FinSearchComp: ByteDance’s Expert‑Level Financial Search and Reasoning Benchmark for Real‑World Scenarios
FinSearchComp is the first fully open‑source benchmark that evaluates large‑language‑model agents' search and reasoning abilities in realistic financial workflows, featuring 635 expert‑annotated questions across three task types, built with 70 finance experts, and revealing that web‑enabled models with financial plugins markedly outperform API‑only models.

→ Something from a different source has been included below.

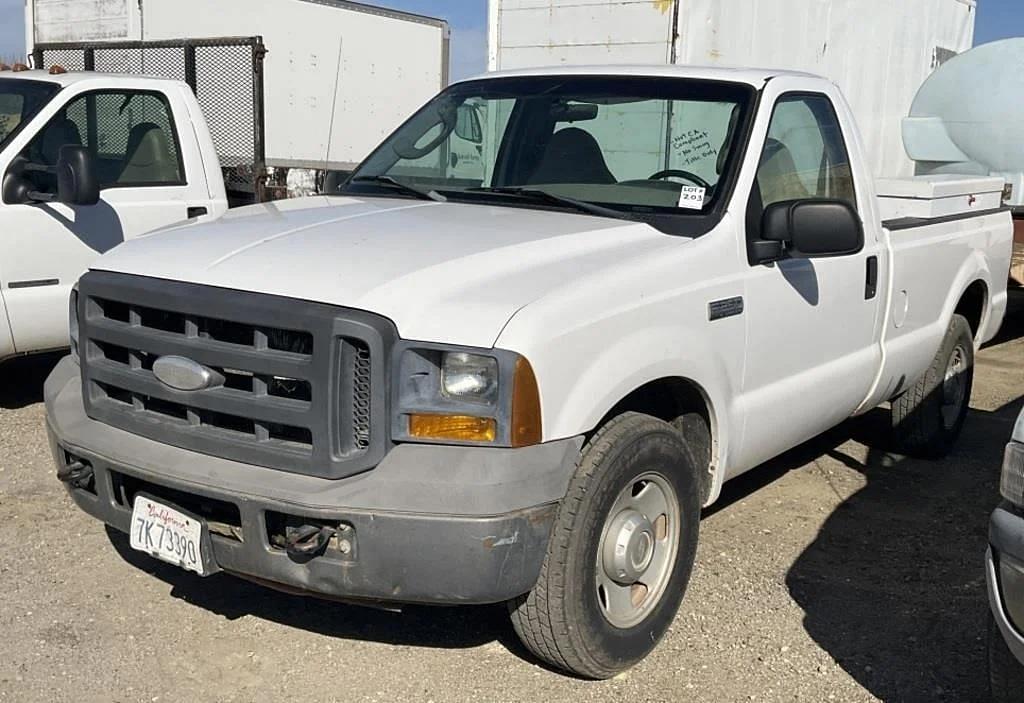 Image of Ford F-250 Primary image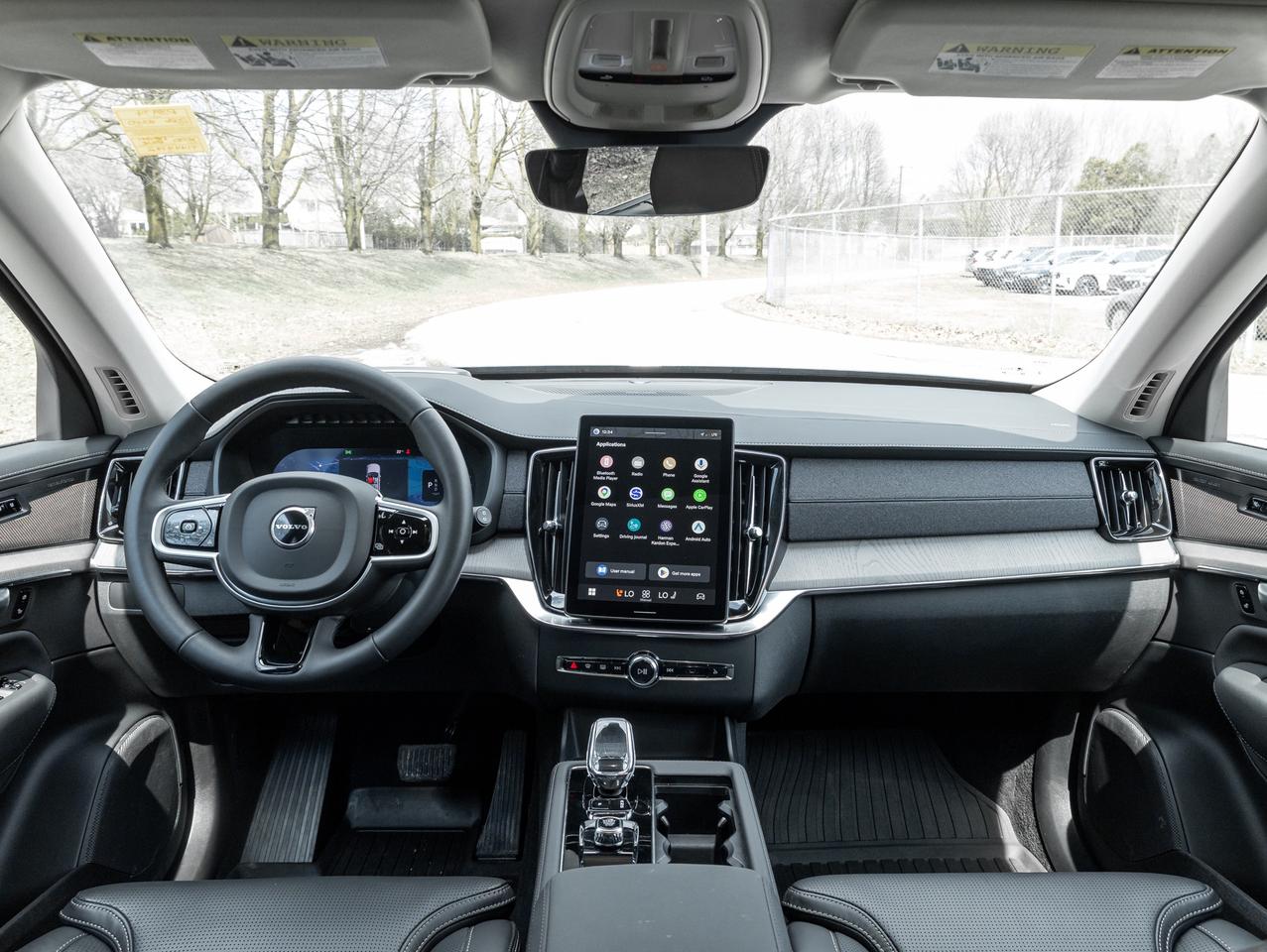 2026 Volvo XC90 B6 AWD ULTRA  LIKE NEW  LOW KM  DENIM BLUE  CPO Photo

Background – Existing financial benchmarks either focus on short‑fact retrieval (e.g., BrowseComp) or rely on pre‑collected contexts (e.g., FinQA), which bypass open‑domain search and fail to reflect analysts’ real‑time workflows. Financial analysis demands timely market data, structured historical disclosures, and unstructured news, making search and multi‑source evidence synthesis critical for LLM agents.

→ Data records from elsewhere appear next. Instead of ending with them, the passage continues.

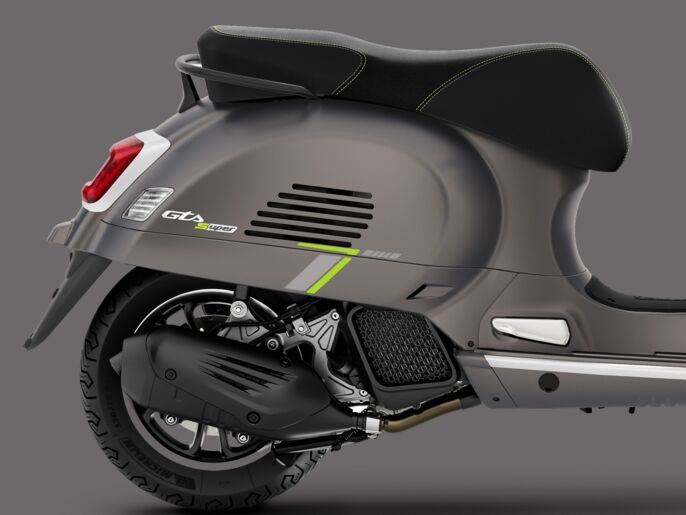 Piaggio-Vespa-GTS-SuperTech-1920x1440-WALL+IMG-DESK-B-125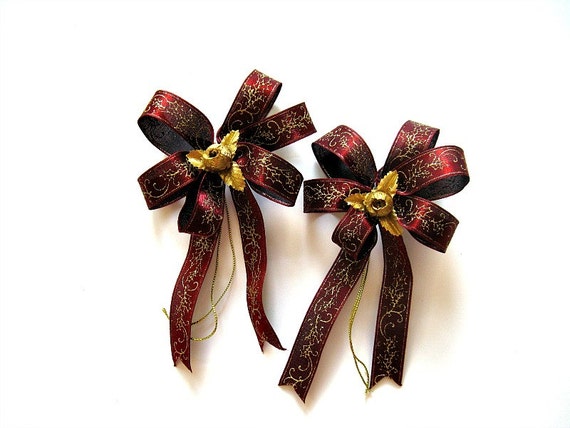 Mini Christmas bows in burgundy and gold SB33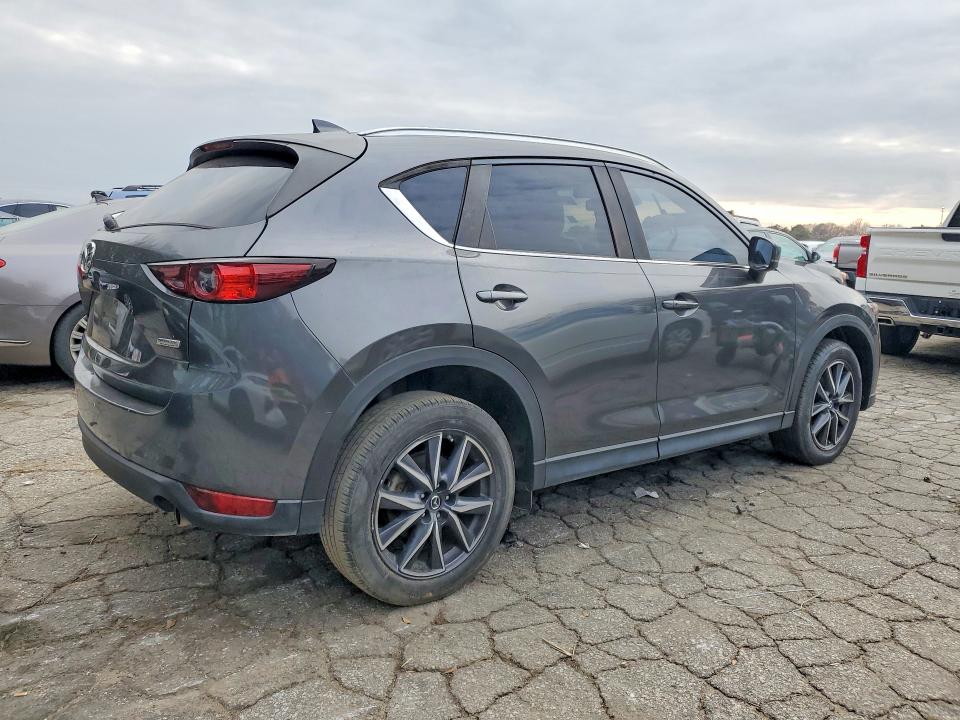 Photo 3 from auction – 2018 MAZDA CX-5 TOURI with VIN JM3KFACM4J0332219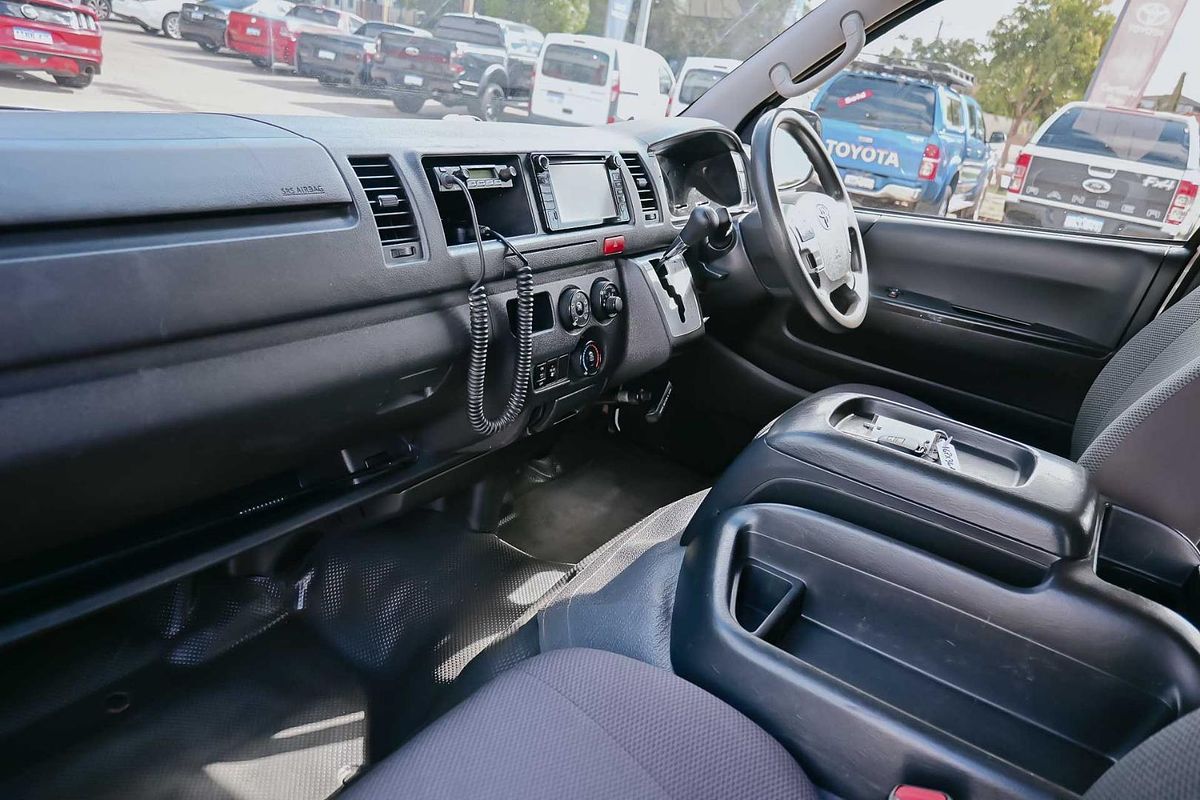 2018 Toyota Hiace Commuter KDH223R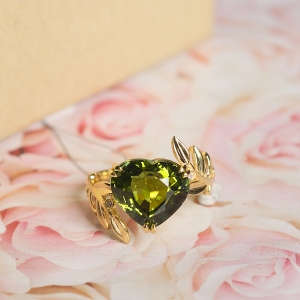 18K绿色碧玺心形戒指
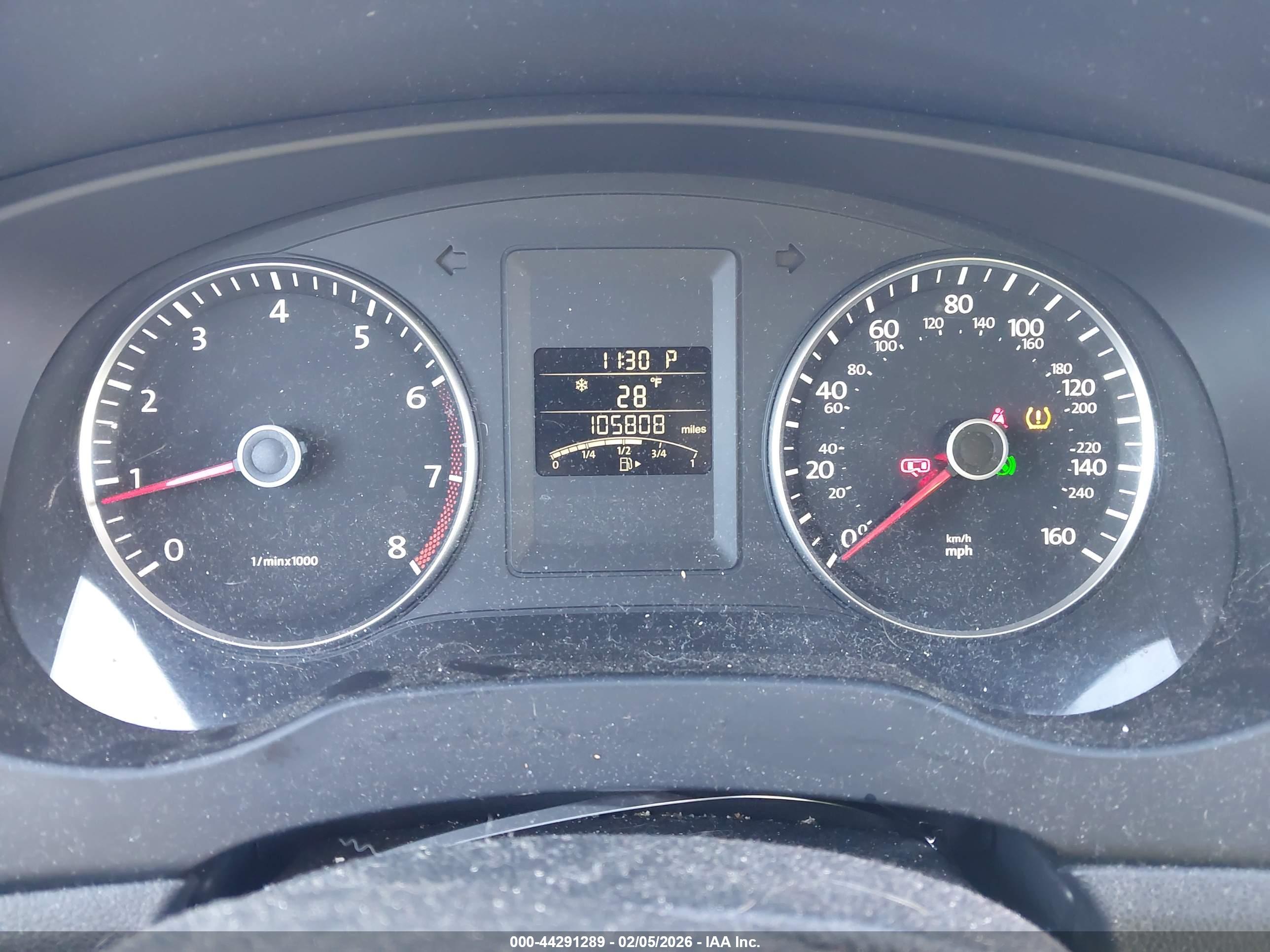 VOLKSWAGEN JETTA image 7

Problem Definition – Current benchmarks lack (1) expert‑level, multi‑task coverage of analyst workflows, (2) market‑specific differences (global vs. Greater China), and (3) rigorous evaluation of dynamic data, source conflicts, and error tolerance.
Method
3.1 Task Design – FinSearchComp defines three analyst‑grade tasks with increasing difficulty:
T1 – Time‑Sensitive Data Retrieval : answer real‑time queries such as “What was Nvidia’s closing price yesterday?” requiring freshness, multi‑source conflict resolution, and market‑time alignment.
T2 – Simple Historical Query : locate a specific historical fact (e.g., “Starbucks’ total assets on 2020‑09‑27?”) involving fiscal‑year vs. calendar‑year alignment, data revisions, and unit consistency.

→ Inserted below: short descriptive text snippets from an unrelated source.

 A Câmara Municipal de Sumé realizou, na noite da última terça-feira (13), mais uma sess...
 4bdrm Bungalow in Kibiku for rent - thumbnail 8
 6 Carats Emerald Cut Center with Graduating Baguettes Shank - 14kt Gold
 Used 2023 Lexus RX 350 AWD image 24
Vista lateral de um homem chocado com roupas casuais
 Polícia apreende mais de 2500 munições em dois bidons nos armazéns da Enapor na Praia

T3 – Complex Historical Investigation : synthesize multi‑period data (e.g., “Which month between 2010‑2025 had the largest single‑month S&P 500 gain?”) demanding long‑range retrieval, corporate actions handling, and evidence aggregation.
3.2 Data Construction & Quality Control
Data Sources : T1 uses real‑time financial APIs; T2 draws from company filings, regulator sites, and professional databases; T3 combines multiple historical sources that require manual synthesis.
Expert Involvement : 70 finance experts (50 annotators, 20 senior reviewers) from top institutions (e.g., JPMorgan, CITIC Securities) authored and validated the questions.
Quality Measures : disambiguation of terms (fiscal vs. calendar year), explicit calculation standards (GAAP vs. non‑GAAP), answer tolerance (±0.1 %), triple‑source cross‑validation, and a blind‑review process where independent experts re‑answer and senior adjudicators resolve discrepancies.
3.3 Evaluation Protocol
Dynamic Answer Handling : T1 answers are fetched via APIs at evaluation time; T2/T3 use static reference answers.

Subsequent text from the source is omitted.